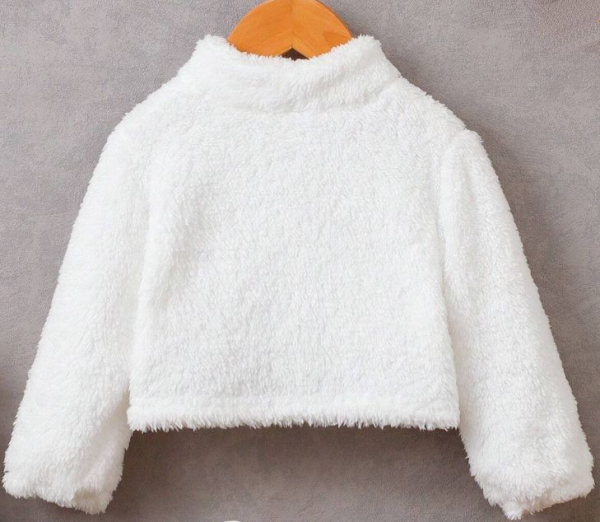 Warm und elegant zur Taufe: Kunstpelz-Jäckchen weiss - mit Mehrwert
--
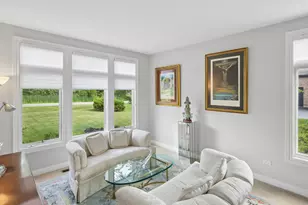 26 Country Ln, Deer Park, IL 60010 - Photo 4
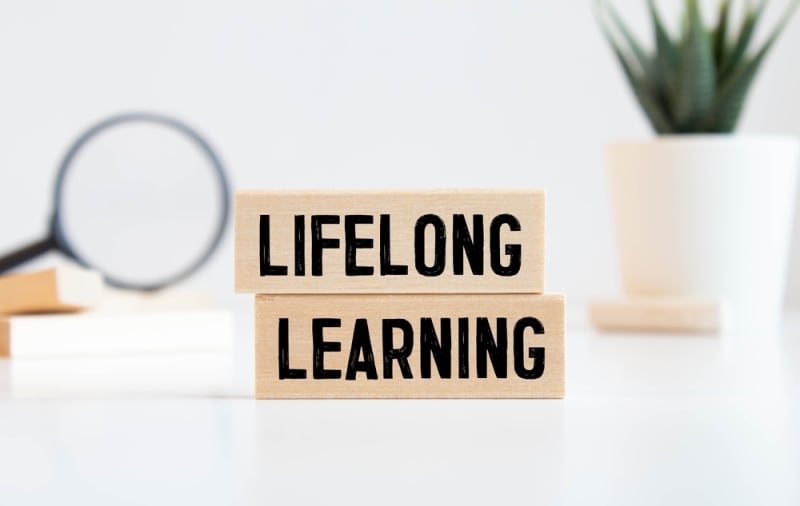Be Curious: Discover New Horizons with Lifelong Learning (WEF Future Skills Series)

**Assignment:** Treat the line with "26 Country Ln, Deer Park, IL 60010 - Photo 4" as the start and the line with "Be Curious: Discover" as the end, and return exactly that span of the data above, both ends included, without pictures.

**Answer space:**
 26 Country Ln, Deer Park, IL 60010 - Photo 4
Be Curious: Discover New Horizons with Lifelong Learning (WEF Future Skills Series)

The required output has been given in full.